I'll give that a try. The job delay seems reproducible - I was expecting it 
from previous experience, which was why I set up logging in the first place. 
Two problems: with these big 11-hour to 17-hour jobs, they don't always finish 
at convenient times - the next one is due around 2 in the morning. And I'm not 
experienced enough with the process tools to be sure of getting the right 
filter at the first attempt. If any lurkers on this thread have any suggestions 
on what capture to enable, that would help - my personal suspicion is that we 
may have to watch the CUDA/driver runtime processes too, but maybe we'll try 
that later.
(I don't personally suspect DNS/libcurl, because it doesn't happen with jobs 
from all projects)



     On Monday, 18 May 2015, 20:57, David Anderson <da...@ssl.berkeley.edu> 
wrote:
   
 

  That looks like what's needed.
 Richard, if you can repro the inter-job delay,
 you could try using Process Monitor to capture as much
 as possible from the client during that period.
 -- David
 
 On 18-May-2015 11:12 AM, Jacob Klein wrote:
  
 #yiv7469427494 #yiv7469427494 --.yiv7469427494hmmessage 
P{margin:0px;padding:0px;}#yiv7469427494 
body.yiv7469427494hmmessage{font-size:12pt;font-family:Calibri;}#yiv7469427494  
Process Monitor can be used to "watch the things a process does" (you have to 
set up correct filters, etc.)... but I'm not sure if that includes sleeps. But 
if the process is waiting on a file or something, though, it should be able to 
tell you. Worth looking into.
 
 https://technet.microsoft.com/en-us/library/bb896645.aspx
 
 Regards,
 Jacob
 
 
  Date: Mon, 18 May 2015 10:41:16 -0700
 From: da...@ssl.berkeley.edu
 To: r.haselgr...@btopenworld.com; onec...@hotmail.com; jacob_w_kl...@msn.com
 CC: boinc_dev@ssl.berkeley.edu
 Subject: Re: [boinc_dev] [boinc_alpha] BOINC re-using slot directories without 
ensuring they're empty
 
 I looked at this and couldn't figure out the source of the 12-sec delay.

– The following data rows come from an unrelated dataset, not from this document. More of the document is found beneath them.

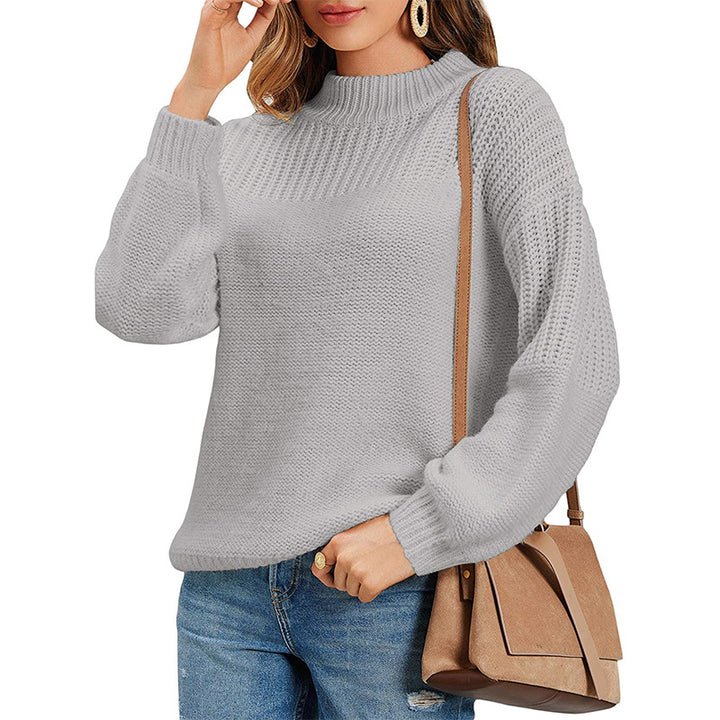 Knit sweater for women with short turtleneck and airy mesh structure Lune London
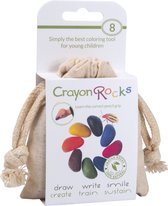 Crayon Rocks -8 couleurs dans un sac en coton - crayons de cire écologiques non toxiques, poignée de stylo stimulante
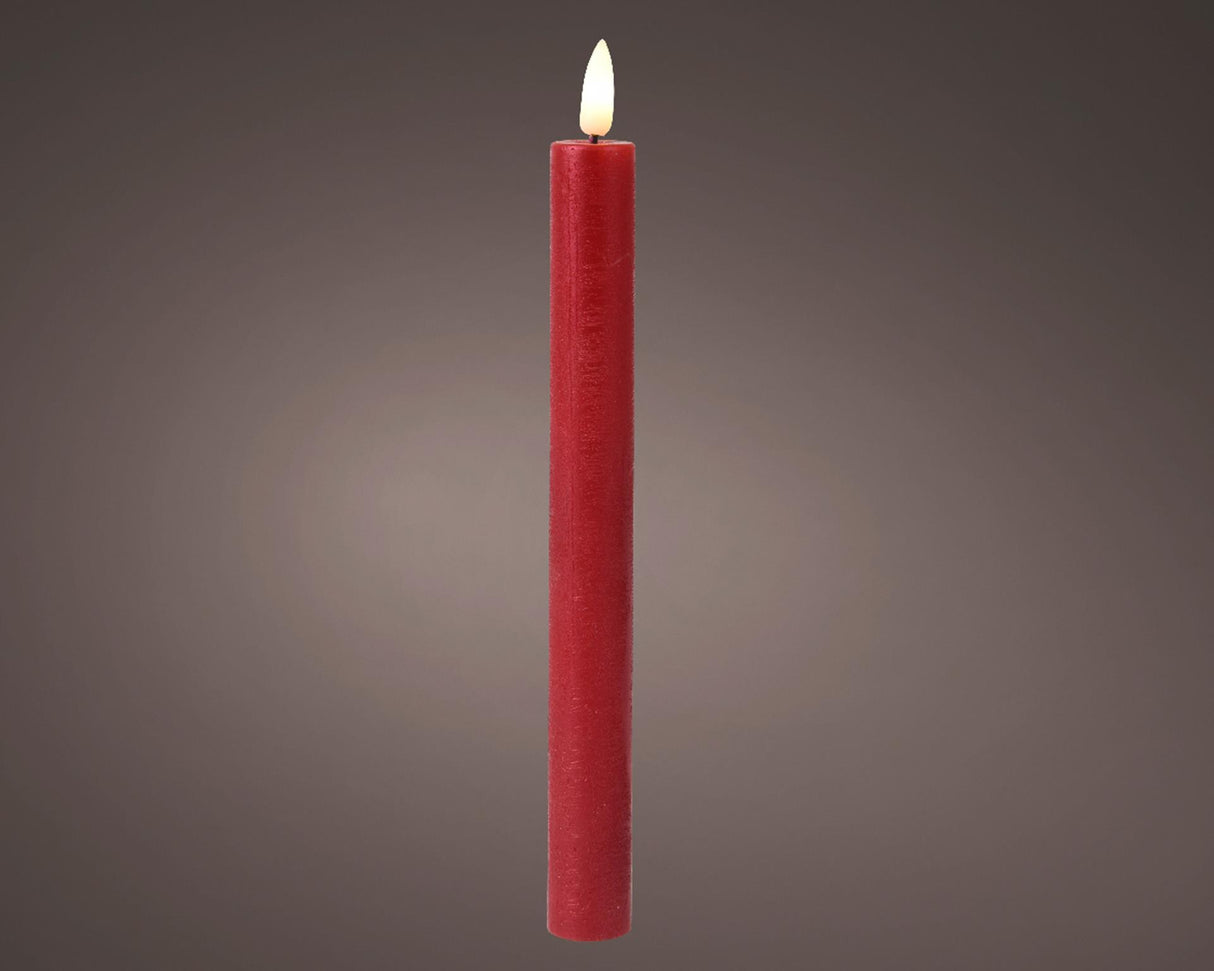 Lumineo led dinerkaarsen rood x 2 - flikkerende led kaarsen - timer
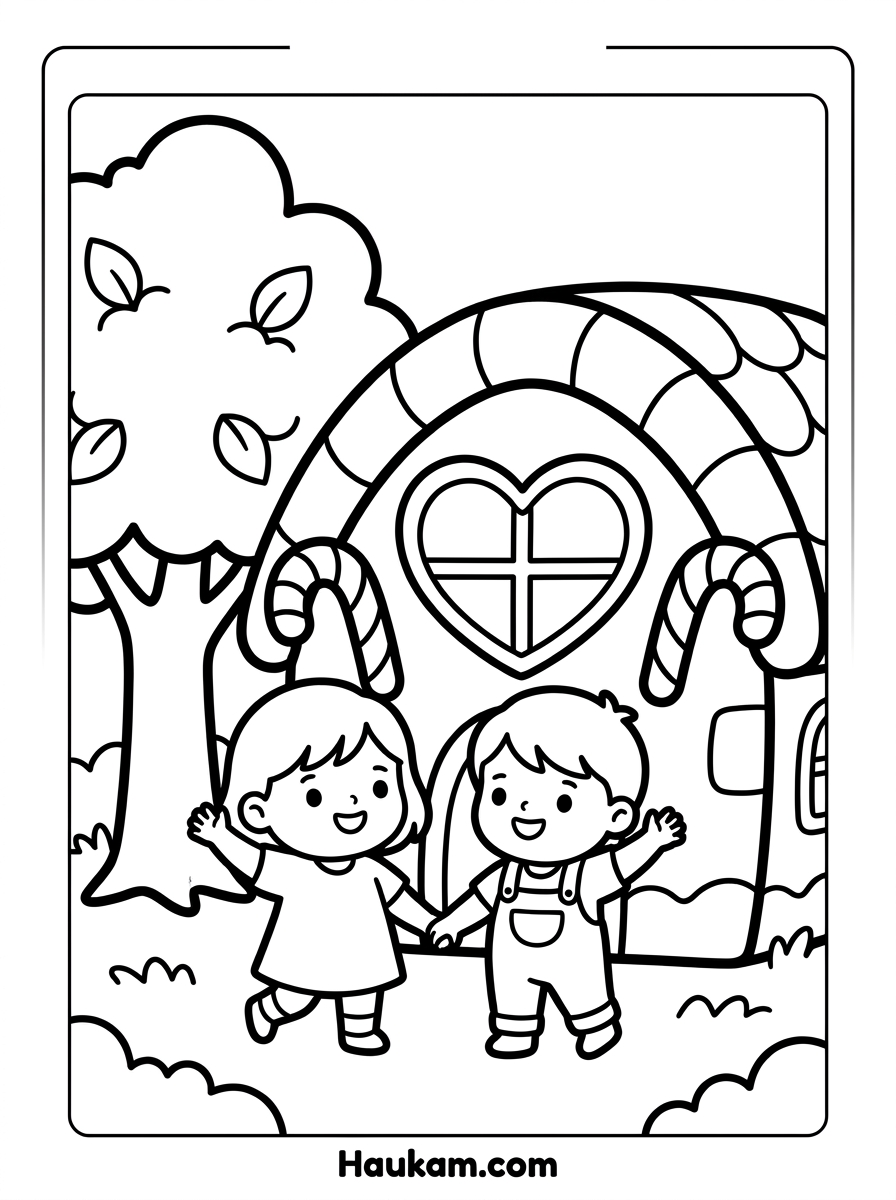 Ausmalbilder Märchen zum Ausdrucken – Gratis für Kinder 2 Ausmalbilder Märchen zum Ausdrucken – Hänsel und Gretel stehen vor dem Lebkuchenhaus, kostenlose Malvorlage für Kindergarten und Vorschule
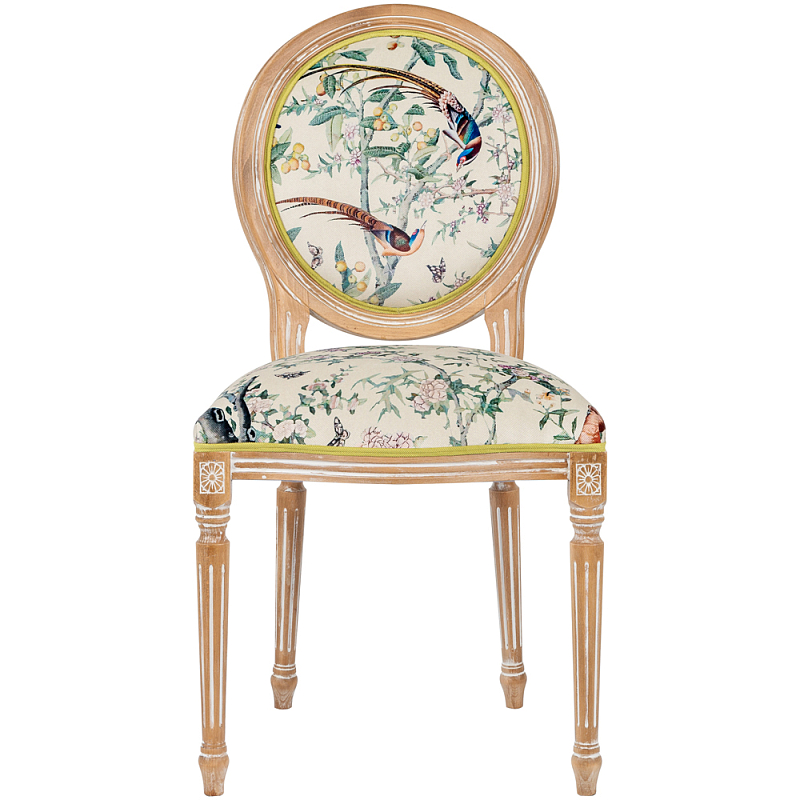 Стул из массива бука бежевый с изображением птиц и цветов Beige Green Chinoiserie Birds Garden Chair Бежевый Салатовый Мульти в Санкт-петербурге | Loft Concept 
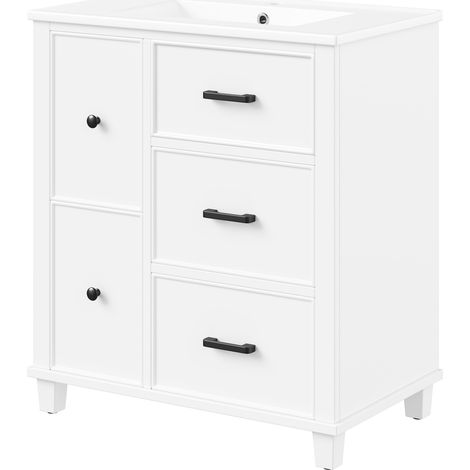 Mueble de baño de pie con lavabo cerámico integrado 76,5 x 47 x 83,5 cm MDF lacado blanco HOMVRA (1/5)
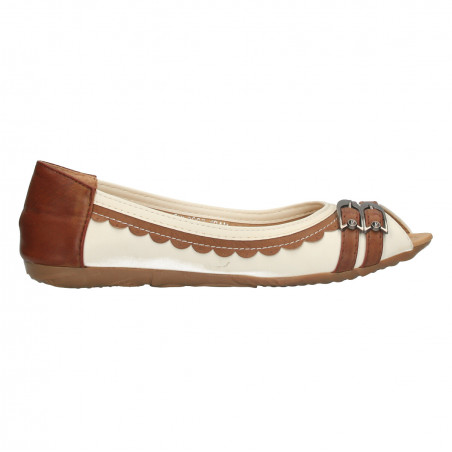 Balerini decupati, alb cu maro, stil boho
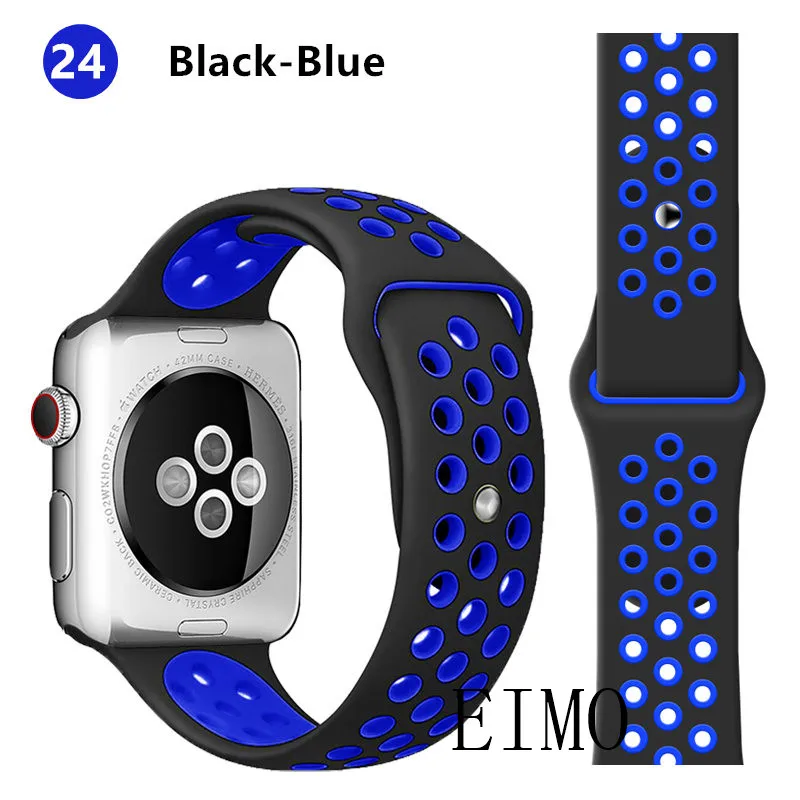 Ремешок для apple watch 5 4 band iwatch series 4 3 2 correa apple watch 42 мм 38 мм 44 мм 40 мм силиконовый браслет pulseira ремешок для часов - Цвет ремешка: black blue 24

 In general, delays could happen because
 1) the client does something that takes a long time (like copying a 5 GB file)
 2) the client sleeps (i.e. calls boinc_sleep()).
    It does this in a few situations,
    like backing off and retrying a file system operation.
 But there's no indication that either of these is happening here.
 
 Does Windows have a way of logging the system calls that a process makes
 (like strace on Unix)?
 If so that might reveal what the client is doing during those 12 seconds.
 
 -- David
 
 On 16-May-2015 8:01 AM, Richard Haselgrove wrote:
  
  Here is the message log file for a GPUGrid task finish. The 12-second delay 
appears again between 14:26:35 and 14:26:47 - that's after the slot directory 
has been cleared, and the exiting task has changed state from 'running' to 
'uploading'. Two new tasks have been assigned to the GPU, but their (small) 
startup files have not yet been linked to their respective slot directories. 
  I also attach directory listings for the slot and GPUGrid project folders at 
various stages of the cleanup: the slot held 34 files totalling 44,186,727 
bytes, which doesn't sound excessive: the largest file deletion (94,783,960 
bytes) occurred several minutes later, when that file finished uploading. 
  I'll enable similar logging and watch what happens when the next GPUGrid task 
starts up, but from memory, the disruption to BOINC is less severe at startup.  
 
 
       On Tuesday, 12 May 2015, 23:29, David Anderson <da...@ssl.berkeley.edu> 
wrote:
   
 
 
 BTW: the client isn't completely single-threaded;
 it uses a separate thread to do CPU throttling.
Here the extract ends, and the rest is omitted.